Article Text
Abstract
Objective Concerns exist that e-cigarettes may be a gateway to traditional cigarettes and/or (re)normalise teenage smoking. This qualitative study explores how teenagers in the UK currently perceive e-cigarettes and how and why they do or do not use them.
Design 16 focus groups were conducted across the UK between November 2014 and February 2015, with 83 teenagers aged 14–17. All discussions were digitally recorded, transcribed verbatim, imported into NVivo 10 and thematically analysed.
Results Teenagers generally agreed that e-cigarettes are useful products for smokers, including teenage smokers, to quit or reduce traditional cigarette use. Concerns were expressed about lack of information on their precise ingredients and any unknown risks for users and bystanders. However, teenagers typically viewed e-cigarettes as substantially less harmful than traditional cigarettes. They perceived e-cigarettes as attractive, with products described as ‘fun’ and having ‘great flavourings’. Seeing websites or social media featuring e-cigarettes, especially YouTube ‘vaping tricks’, prompted some experimentation and imitation. E-cigarettes were used in a variety of situations, including at parties or when they could not smoke traditional cigarettes. A very few participants suggested covert use was a possibility and that e-cigarettes might help maintain a fledgling nicotine habit.

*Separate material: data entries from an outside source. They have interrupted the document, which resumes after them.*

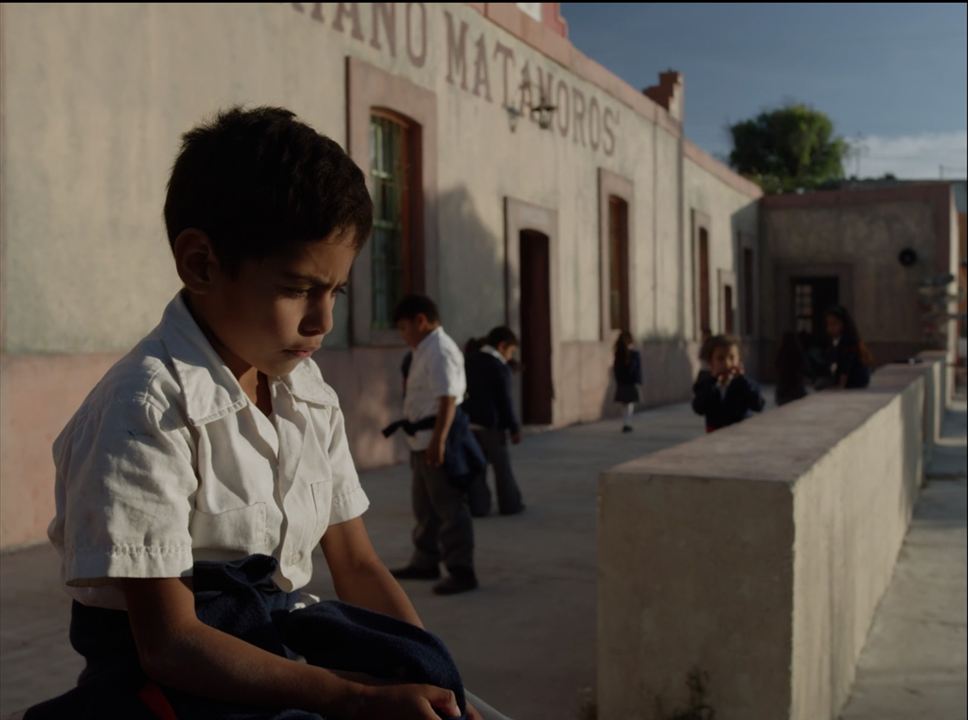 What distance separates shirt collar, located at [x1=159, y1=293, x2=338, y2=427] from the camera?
1.41 meters

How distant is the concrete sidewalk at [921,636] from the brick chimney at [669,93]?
12.4 meters

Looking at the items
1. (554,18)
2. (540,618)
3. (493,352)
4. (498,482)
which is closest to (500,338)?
(493,352)

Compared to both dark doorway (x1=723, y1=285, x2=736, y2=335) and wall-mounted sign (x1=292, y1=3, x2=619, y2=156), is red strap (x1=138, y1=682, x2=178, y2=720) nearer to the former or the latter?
wall-mounted sign (x1=292, y1=3, x2=619, y2=156)

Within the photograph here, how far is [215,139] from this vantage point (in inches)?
56.6

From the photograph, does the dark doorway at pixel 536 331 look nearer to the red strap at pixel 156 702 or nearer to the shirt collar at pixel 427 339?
the shirt collar at pixel 427 339

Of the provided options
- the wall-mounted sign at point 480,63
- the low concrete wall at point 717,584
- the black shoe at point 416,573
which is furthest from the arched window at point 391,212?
the low concrete wall at point 717,584

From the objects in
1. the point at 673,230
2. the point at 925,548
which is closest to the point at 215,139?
the point at 925,548

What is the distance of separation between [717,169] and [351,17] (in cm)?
1445

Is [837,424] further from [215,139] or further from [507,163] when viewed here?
[507,163]

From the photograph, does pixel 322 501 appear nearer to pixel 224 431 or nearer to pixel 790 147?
pixel 224 431

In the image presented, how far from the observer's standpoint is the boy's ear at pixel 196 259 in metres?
1.44

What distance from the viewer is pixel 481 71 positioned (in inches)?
473

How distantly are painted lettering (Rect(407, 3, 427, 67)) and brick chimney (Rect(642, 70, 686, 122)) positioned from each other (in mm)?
9605

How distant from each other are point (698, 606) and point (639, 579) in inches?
7.4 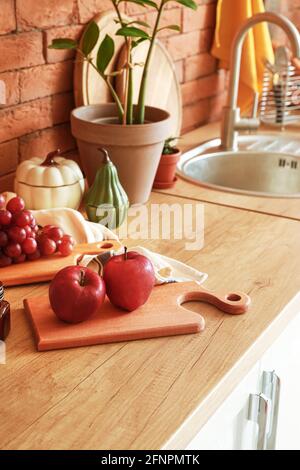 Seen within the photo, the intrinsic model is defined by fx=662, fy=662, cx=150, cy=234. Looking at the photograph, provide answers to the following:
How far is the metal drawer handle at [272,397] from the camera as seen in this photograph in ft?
3.67

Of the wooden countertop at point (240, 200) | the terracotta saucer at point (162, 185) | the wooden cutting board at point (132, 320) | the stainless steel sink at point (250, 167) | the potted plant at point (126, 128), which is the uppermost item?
the potted plant at point (126, 128)

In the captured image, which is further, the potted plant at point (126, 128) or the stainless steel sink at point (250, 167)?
the stainless steel sink at point (250, 167)

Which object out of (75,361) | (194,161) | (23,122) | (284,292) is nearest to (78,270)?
(75,361)

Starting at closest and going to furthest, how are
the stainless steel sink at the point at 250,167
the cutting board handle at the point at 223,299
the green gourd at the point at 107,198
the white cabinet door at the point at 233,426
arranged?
1. the white cabinet door at the point at 233,426
2. the cutting board handle at the point at 223,299
3. the green gourd at the point at 107,198
4. the stainless steel sink at the point at 250,167

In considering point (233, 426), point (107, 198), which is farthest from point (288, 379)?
point (107, 198)

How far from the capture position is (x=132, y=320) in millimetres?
1011

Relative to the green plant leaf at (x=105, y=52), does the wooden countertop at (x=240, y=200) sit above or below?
below

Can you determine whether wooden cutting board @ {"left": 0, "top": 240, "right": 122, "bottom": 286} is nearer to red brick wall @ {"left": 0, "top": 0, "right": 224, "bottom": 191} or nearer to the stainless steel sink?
red brick wall @ {"left": 0, "top": 0, "right": 224, "bottom": 191}

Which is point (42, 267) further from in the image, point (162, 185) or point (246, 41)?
point (246, 41)

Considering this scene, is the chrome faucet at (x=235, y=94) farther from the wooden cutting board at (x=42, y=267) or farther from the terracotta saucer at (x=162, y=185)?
the wooden cutting board at (x=42, y=267)

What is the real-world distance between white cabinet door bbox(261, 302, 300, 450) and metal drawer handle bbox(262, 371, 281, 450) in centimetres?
2

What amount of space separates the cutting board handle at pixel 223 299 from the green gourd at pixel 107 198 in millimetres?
313

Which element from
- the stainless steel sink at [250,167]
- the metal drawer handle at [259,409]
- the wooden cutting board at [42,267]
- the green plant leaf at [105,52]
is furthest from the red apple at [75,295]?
the stainless steel sink at [250,167]

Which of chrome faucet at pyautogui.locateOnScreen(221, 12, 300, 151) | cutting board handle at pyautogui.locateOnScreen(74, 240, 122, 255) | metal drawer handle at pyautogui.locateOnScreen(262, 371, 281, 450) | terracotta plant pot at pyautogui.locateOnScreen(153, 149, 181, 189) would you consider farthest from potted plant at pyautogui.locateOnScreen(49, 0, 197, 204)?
metal drawer handle at pyautogui.locateOnScreen(262, 371, 281, 450)
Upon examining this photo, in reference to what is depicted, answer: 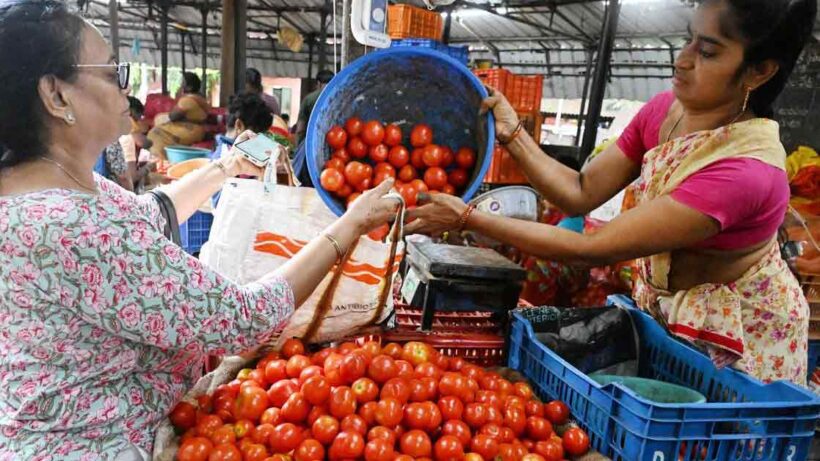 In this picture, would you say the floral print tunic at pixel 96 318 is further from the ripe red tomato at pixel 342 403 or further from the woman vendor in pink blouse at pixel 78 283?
the ripe red tomato at pixel 342 403

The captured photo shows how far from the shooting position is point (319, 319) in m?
1.88

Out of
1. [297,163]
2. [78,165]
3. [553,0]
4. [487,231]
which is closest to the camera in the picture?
[78,165]

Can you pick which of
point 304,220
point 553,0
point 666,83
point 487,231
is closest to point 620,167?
point 487,231

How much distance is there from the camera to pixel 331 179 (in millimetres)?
1859

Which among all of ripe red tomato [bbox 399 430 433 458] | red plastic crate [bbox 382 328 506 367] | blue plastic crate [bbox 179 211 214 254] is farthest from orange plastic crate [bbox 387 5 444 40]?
ripe red tomato [bbox 399 430 433 458]

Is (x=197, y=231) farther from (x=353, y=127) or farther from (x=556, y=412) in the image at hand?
(x=556, y=412)

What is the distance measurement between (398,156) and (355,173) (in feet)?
0.69

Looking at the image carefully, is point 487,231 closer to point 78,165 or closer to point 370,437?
point 370,437

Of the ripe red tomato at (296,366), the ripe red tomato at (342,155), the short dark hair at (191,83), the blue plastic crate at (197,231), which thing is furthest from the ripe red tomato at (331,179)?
the short dark hair at (191,83)

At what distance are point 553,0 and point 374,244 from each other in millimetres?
11818

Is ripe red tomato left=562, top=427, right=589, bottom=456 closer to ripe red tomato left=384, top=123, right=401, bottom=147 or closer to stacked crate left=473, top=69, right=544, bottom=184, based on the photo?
ripe red tomato left=384, top=123, right=401, bottom=147

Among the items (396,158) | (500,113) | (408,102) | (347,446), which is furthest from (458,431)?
(408,102)

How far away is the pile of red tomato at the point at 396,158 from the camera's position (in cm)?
197

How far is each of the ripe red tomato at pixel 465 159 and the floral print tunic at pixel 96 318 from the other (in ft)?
2.89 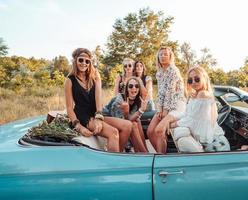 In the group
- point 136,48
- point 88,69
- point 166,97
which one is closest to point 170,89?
point 166,97

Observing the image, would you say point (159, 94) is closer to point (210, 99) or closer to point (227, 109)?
point (227, 109)

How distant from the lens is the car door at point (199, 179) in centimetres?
228

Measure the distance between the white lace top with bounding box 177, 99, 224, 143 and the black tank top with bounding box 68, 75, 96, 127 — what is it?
0.82m

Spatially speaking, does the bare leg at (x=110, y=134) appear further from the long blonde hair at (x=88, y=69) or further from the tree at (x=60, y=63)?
the tree at (x=60, y=63)

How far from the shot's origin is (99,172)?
2.34m

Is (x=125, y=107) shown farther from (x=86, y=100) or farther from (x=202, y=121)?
(x=202, y=121)

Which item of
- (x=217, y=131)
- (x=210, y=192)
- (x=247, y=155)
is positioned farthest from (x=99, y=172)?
(x=217, y=131)

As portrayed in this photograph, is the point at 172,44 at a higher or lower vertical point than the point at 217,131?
higher

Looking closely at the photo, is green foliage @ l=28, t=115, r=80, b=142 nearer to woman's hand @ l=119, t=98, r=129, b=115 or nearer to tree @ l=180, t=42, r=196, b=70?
woman's hand @ l=119, t=98, r=129, b=115

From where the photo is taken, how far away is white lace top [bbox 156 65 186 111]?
400 cm

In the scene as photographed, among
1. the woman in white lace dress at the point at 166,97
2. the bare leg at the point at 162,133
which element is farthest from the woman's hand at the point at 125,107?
the bare leg at the point at 162,133

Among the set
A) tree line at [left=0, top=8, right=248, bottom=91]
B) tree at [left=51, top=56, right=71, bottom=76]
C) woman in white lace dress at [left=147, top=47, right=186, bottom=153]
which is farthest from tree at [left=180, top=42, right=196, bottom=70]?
woman in white lace dress at [left=147, top=47, right=186, bottom=153]

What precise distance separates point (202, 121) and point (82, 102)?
40.8 inches

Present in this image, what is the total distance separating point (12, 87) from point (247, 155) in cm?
2409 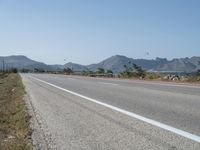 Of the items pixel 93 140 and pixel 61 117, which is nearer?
pixel 93 140

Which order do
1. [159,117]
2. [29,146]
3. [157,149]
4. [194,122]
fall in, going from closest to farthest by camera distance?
[157,149] → [29,146] → [194,122] → [159,117]

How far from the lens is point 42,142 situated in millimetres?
8422

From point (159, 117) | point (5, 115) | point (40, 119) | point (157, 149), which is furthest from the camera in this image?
Answer: point (5, 115)

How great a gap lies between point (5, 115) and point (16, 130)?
3.84 metres

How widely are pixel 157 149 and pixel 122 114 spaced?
4.74 m

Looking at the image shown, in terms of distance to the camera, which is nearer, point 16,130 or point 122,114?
point 16,130

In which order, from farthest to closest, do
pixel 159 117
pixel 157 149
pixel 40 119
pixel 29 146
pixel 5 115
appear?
pixel 5 115 → pixel 40 119 → pixel 159 117 → pixel 29 146 → pixel 157 149

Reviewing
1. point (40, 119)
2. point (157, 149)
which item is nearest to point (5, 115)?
point (40, 119)

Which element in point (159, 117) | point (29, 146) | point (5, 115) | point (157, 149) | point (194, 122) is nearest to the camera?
point (157, 149)

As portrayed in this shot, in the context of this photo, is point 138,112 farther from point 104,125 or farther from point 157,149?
point 157,149

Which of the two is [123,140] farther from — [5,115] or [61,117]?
[5,115]

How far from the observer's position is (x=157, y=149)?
7.23m

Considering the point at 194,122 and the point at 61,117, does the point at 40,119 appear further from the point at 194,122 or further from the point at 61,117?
the point at 194,122

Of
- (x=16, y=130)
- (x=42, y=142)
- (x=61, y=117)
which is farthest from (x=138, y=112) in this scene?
(x=42, y=142)
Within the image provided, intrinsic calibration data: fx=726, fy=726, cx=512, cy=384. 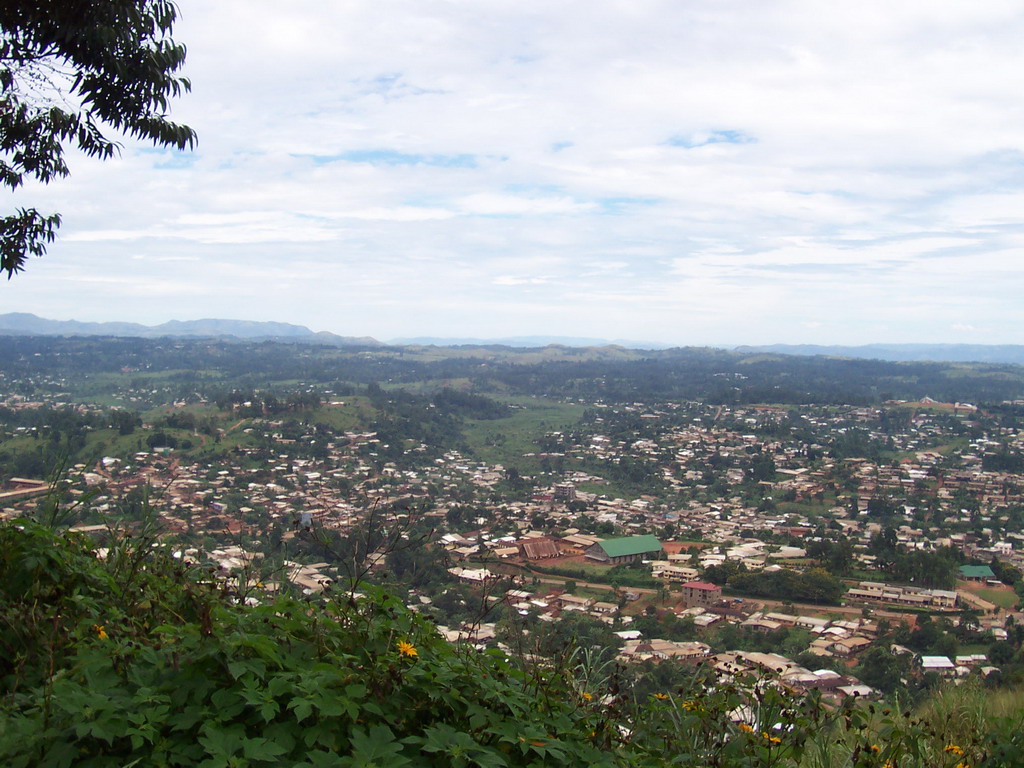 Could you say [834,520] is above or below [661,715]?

Conclusions Teenagers support the use of e-cigarettes as smoking cessation aids for established adult smokers. However, they engage with these products differently from adults, with the novel hypothesis that covert use could potentially reinforce traditional cigarette smoking requiring further investigation. Policy responses should more clearly meet the needs of young people, as well as helping established adult smokers.
- E-cigarettes
- vaping
- teenagers
- understandings
- smoking
This is an Open Access article distributed in accordance with the terms of the Creative Commons Attribution (CC BY 4.0) license, which permits others to distribute, remix, adapt and build upon this work, for commercial use, provided the original work is properly cited. See: http://creativecommons.org/licenses/by/4.0/
Statistics from Altmetric.com
Footnotes
Contributors SH and SVK conceived of the study and initiated the study design. FT collected the data and coded it with SH, HW, HS and SVK. SH and FT conducted the analysis and SH prepared the initial draft of the paper. All authors contributed to redrafting, and approving the final manuscript.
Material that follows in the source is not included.